Exercise directions
What you produce should be an exact transcription of the data, minus any pictures.

*** Available data Section Begins ***

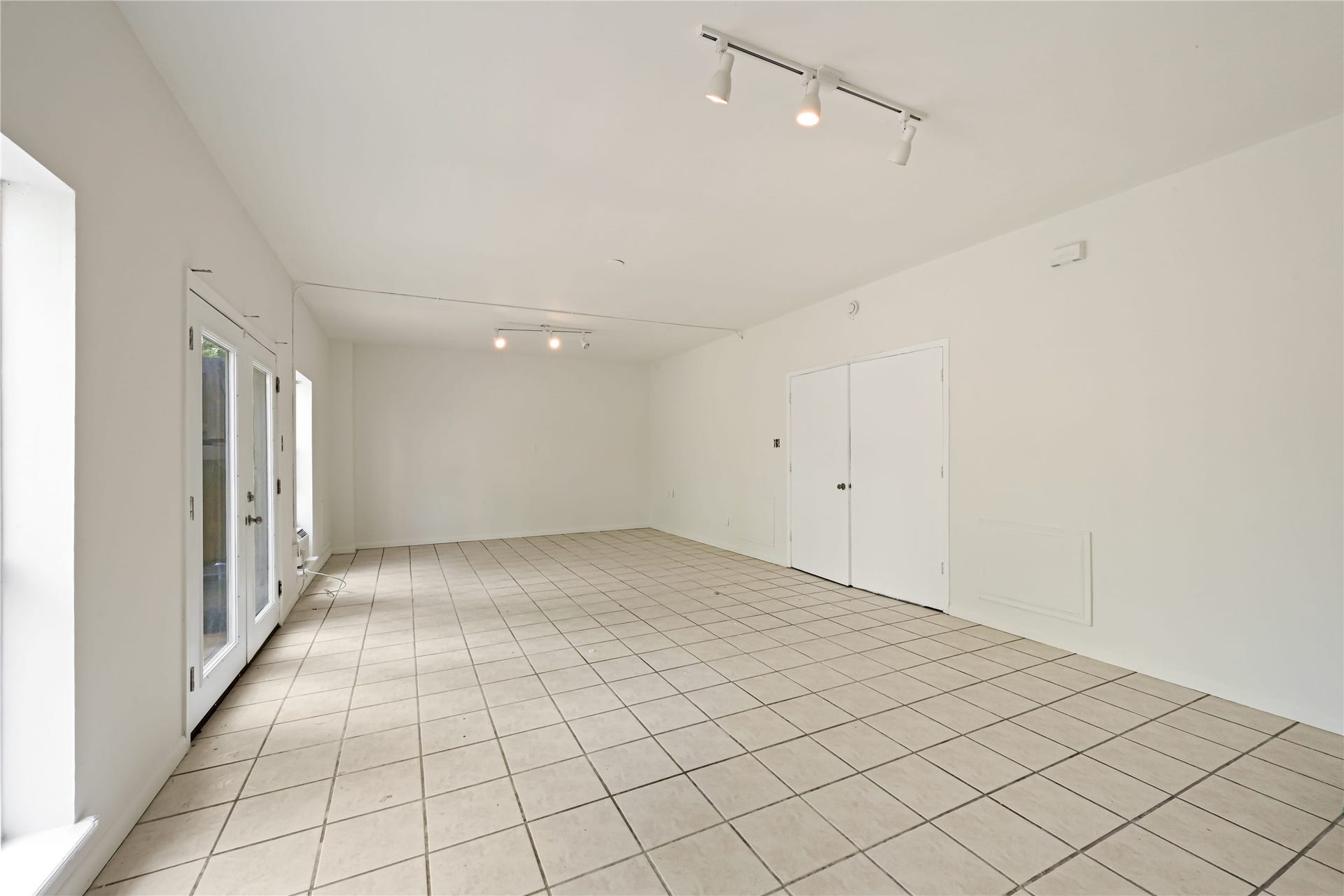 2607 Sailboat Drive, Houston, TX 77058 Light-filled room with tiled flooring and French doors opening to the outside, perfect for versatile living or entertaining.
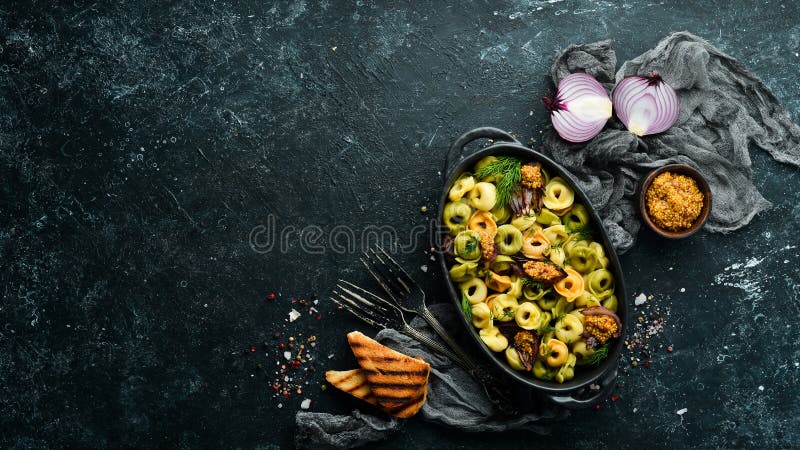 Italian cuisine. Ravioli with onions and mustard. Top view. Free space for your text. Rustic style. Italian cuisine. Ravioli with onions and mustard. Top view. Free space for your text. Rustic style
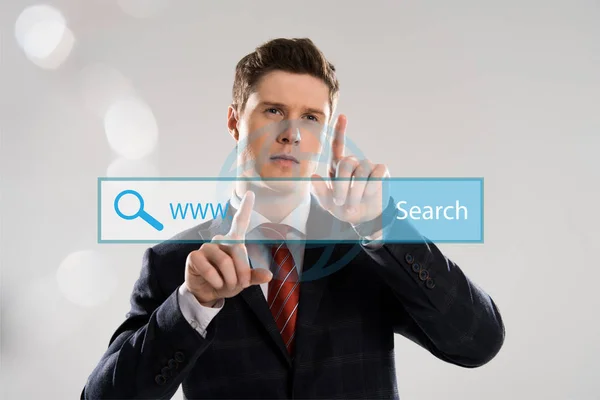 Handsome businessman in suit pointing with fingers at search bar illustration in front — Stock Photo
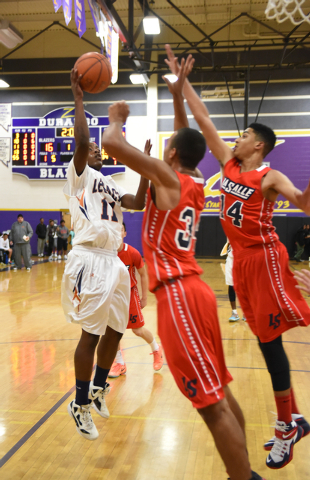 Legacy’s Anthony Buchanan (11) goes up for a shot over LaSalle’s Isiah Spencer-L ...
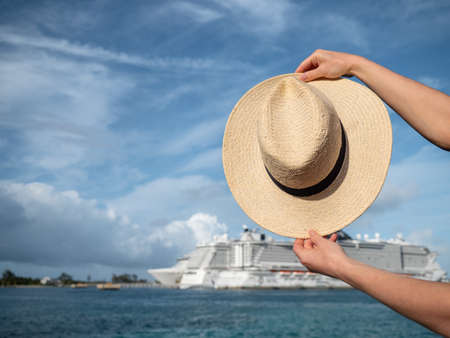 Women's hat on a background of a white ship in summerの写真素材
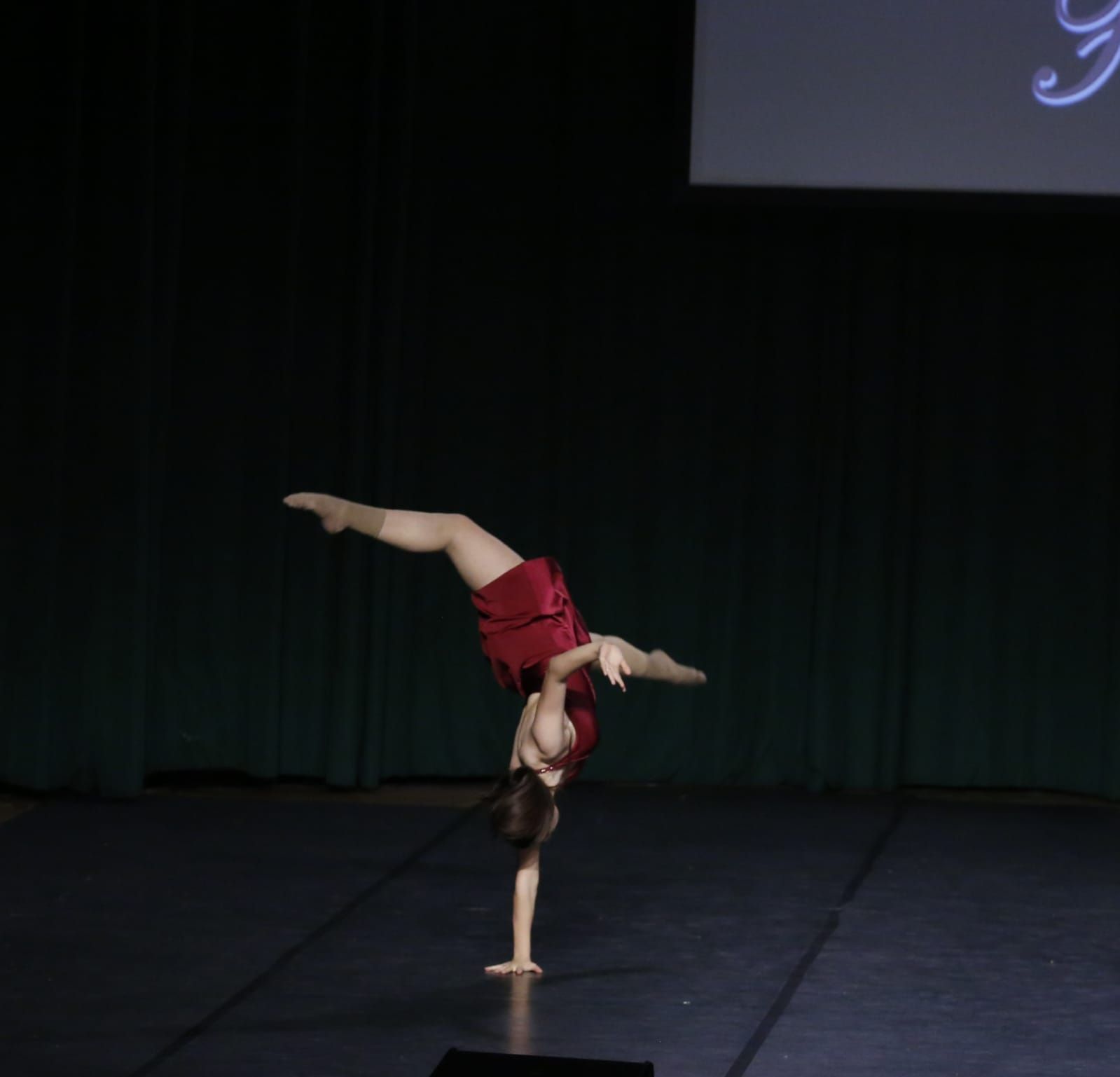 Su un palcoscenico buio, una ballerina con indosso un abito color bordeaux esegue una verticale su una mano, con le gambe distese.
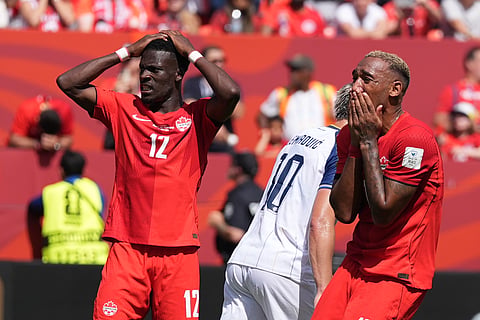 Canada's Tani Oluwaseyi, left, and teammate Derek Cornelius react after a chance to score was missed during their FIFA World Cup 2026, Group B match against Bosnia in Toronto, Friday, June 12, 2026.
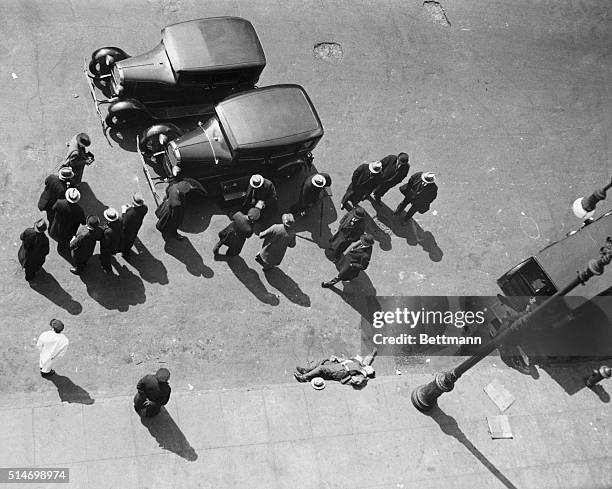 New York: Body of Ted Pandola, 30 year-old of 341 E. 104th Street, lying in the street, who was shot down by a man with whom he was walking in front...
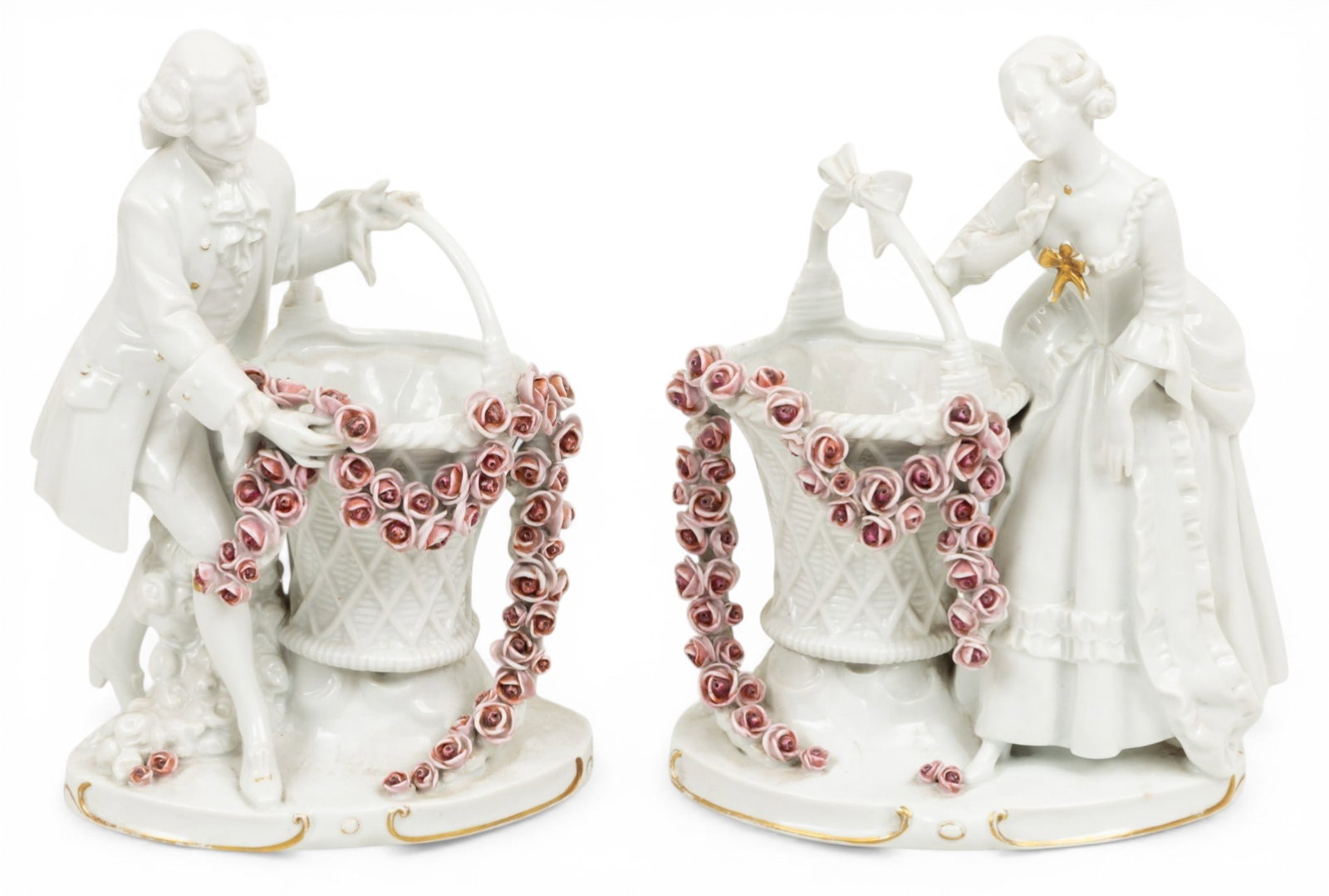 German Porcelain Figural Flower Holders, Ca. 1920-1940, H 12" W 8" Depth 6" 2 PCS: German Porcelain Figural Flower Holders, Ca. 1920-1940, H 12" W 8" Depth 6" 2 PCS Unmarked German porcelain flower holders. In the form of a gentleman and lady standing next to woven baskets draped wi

*** Available data Section Ends ***

Output
 2607 Sailboat Drive, Houston, TX 77058 Light-filled room with tiled flooring and French doors opening to the outside, perfect for versatile living or entertaining.
 Italian cuisine. Ravioli with onions and mustard. Top view. Free space for your text. Rustic style. Italian cuisine. Ravioli with onions and mustard. Top view. Free space for your text. Rustic style
 Handsome businessman in suit pointing with fingers at search bar illustration in front — Stock Photo
 Legacy’s Anthony Buchanan (11) goes up for a shot over LaSalle’s Isiah Spencer-L ...
 Women's hat on a background of a white ship in summerの写真素材
 Su un palcoscenico buio, una ballerina con indosso un abito color bordeaux esegue una verticale su una mano, con le gambe distese.
 Canada's Tani Oluwaseyi, left, and teammate Derek Cornelius react after a chance to score was missed during their FIFA World Cup 2026, Group B match against Bosnia in Toronto, Friday, June 12, 2026.
 New York: Body of Ted Pandola, 30 year-old of 341 E. 104th Street, lying in the street, who was shot down by a man with whom he was walking in front...
 German Porcelain Figural Flower Holders, Ca. 1920-1940, H 12" W 8" Depth 6" 2 PCS: German Porcelain Figural Flower Holders, Ca. 1920-1940, H 12" W 8" Depth 6" 2 PCS Unmarked German porcelain flower holders. In the form of a gentleman and lady standing next to woven baskets draped wi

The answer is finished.